4.4 Robustness tests

In analyzing the impact of rural human capital on AWP, a bidirectional causal relationship may exist, which could lead to endogeneity issues that bias the findings. To ensure the robustness of the empirical results, this study conducts three robustness tests: replacing the dependent variable, altering the spatial weight matrix, and changing the parameter estimation method.

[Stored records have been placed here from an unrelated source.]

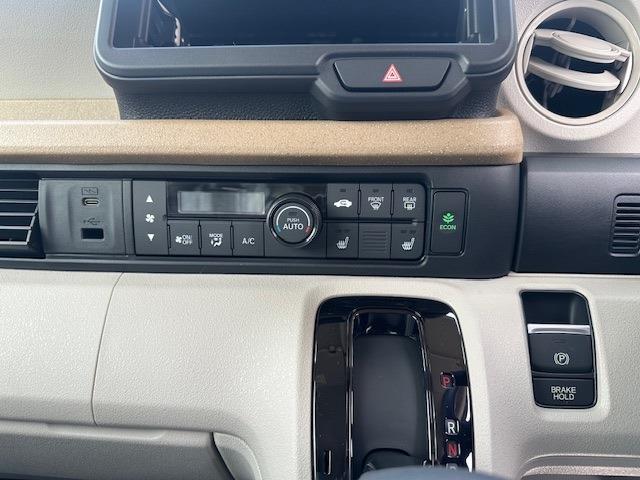 ホンダ Ｎ　ＢＯＸ ６６０ ファッションスタイル R6年 (中国) 99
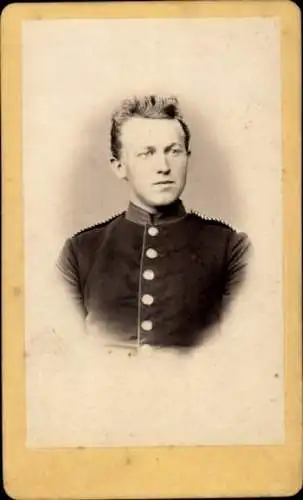 CdV Hildesheim, Deutscher Soldat in Uniform, Portrait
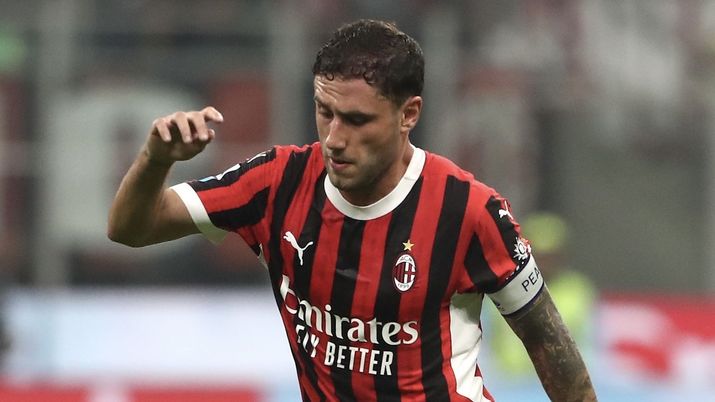 Davide Calabria AC Milan Milan-Torino 2-2 Serie A 2024-2025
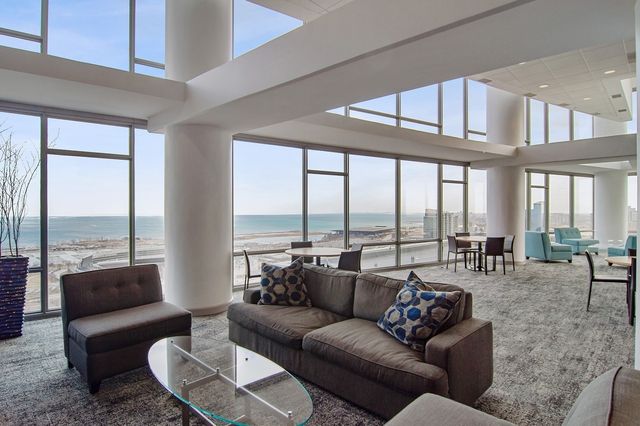 100 E 14th Street 1403, Chicago, IL 60605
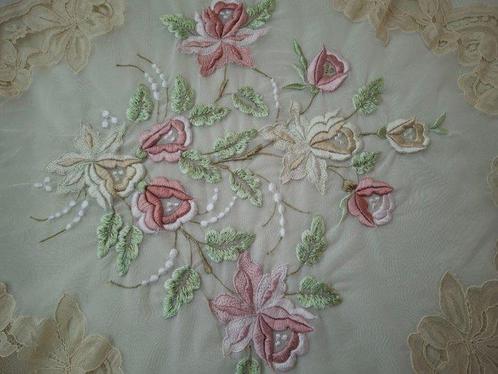 ricami fatti a mano in pregiatissimo pizzo francese, seta,, Antiek en Kunst, Antiek | Kleden en Textiel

4.4.1 Replacement of dependent variable

The previous study has measured AWP using the super-efficient SBM model, which effectively evaluates AWP by integrating both inputs and outputs. To assess the sensitivity of the empirical results to different measures of AWP, this study applies principal component analysis to re-measure AWP prior to parameter estimation. The results corresponding to this approach are presented in column (1) of Table 6. The consistent findings regarding the spatial spillover effects of rural human capital on AWP further validate the reliability and robustness of the empirical results.

Table 6

Table 6. Results of robustness test.

4.4.2 Different spatial weight matrices

In addition to employing the economic-geographical nested spatial weight matrix, we also apply the economic distance weight matrix (W1) and inverse distance weight matrix (W2) for robustness testing. As shown in columns (2) and (3) of Table 6, the coefficients for rural human capital and its spatial lag term remain significantly positive, indicating that the positive spatial spillover effects of rural human capital on AWP are both stable and significant. The use of different spatial weight matrices does not change the primary conclusion of this study. Enhancing rural human capital is an effective approach for improving AWP in both local and spatially connected areas.

4.4.3 Changing parameter estimates

To address the potential endogeneity bias of the model, this study employs the generalized spatial panel autoregressive two-stage least squares regression (GS2SLSAR) method. The volume of book collections in township cultural stations is used as an instrumental variable. On the one hand, the volume of these collections serves as an effective indicator of the intensity of regional educational resource allocation and can be considered an endogenous variable for rural human capital. On the other hand, the number of books held in township cultural stations, is less likely to have a direct correlation with AWP, making it a suitable exogenous variable for AWP. Column (4) of Table 6 presents the estimation results from the instrumental variables approach, where the first-stage F-statistic exceeds 10, rejecting the null hypothesis of weak instruments. The estimated coefficients for both w1y_ AWP and rural human capital remain significantly positive, consistent with the benchmark model and maintaining a stable level of significance. These results reinforce the conclusion that the positive spatial spillover effect of rural human capital on AWP is highly robust.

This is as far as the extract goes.